国語は例年、評論、小説、古文、漢文の順で1問ずつという問題構成。其の第1問に小林秀雄の「鐔」が出題された。刀剣の鍔を題材にした文章で、文の趣旨や筆者の考えを答えさせる問題だった。
代々木ゼミナールの土生昌彦(はぶ まさひこ)・教材研究センター本部長によると、論理構成が明快な「評論」というよりは、私的な想像も含めた随筆的な文章で、読み辛く感じた受験生が多かったと言う。文章の末尾に付ける注釈も、例年は5個以内だが、今回は21個も。本文の分量も、前年比で約600字増えた。
小林秀雄は、昭和を代表する批評家。難解な文章で知られ、「批評の神様」とされる。30年程前には大学入試で良く出題されたが、近年は少なく、センター試験で出題されるのは初めてだ。

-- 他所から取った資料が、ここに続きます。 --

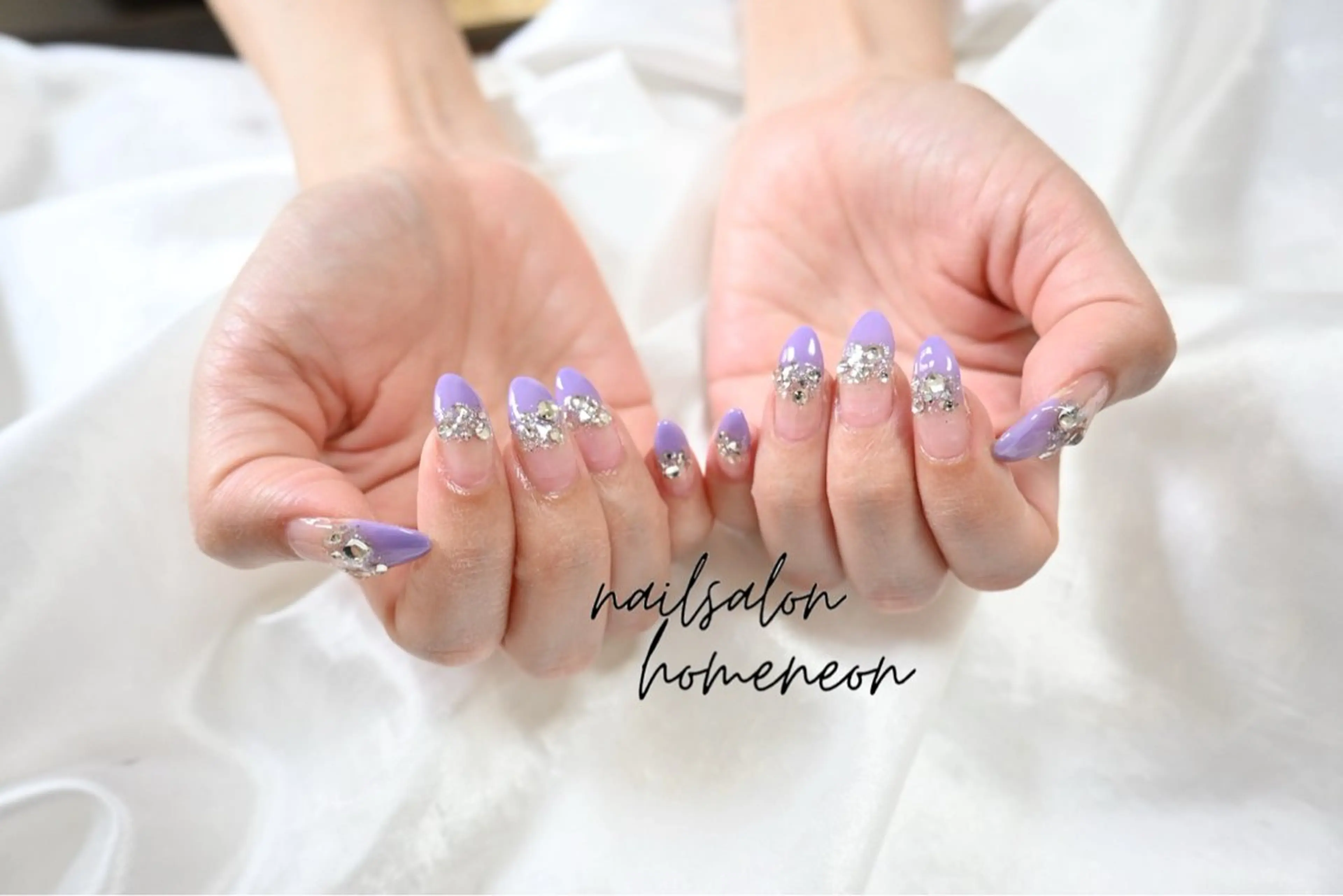 ネイル nailsalon ★homeneonのネイルデザイン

昨年と比べて17点も平均点が下がり、土生さんは「受験生からは『少しパニックになった。』、『想定と違う文章で驚いた。』等の声が聞かれた。極端に難しくなった訳では無いが、過去問と全く違う文章だったのが影響した。」と分析する。ベネッセ岡山本社高校事業部の松永和喜(まつなが かずき)さんも、「論理性より、感覚的に理解する事が求められた。受験生は様々な文章を読み慣れておく必要が在る。」と説明。大学入試センターは、例年6月に発表する報告書で分析結果を示すと言う。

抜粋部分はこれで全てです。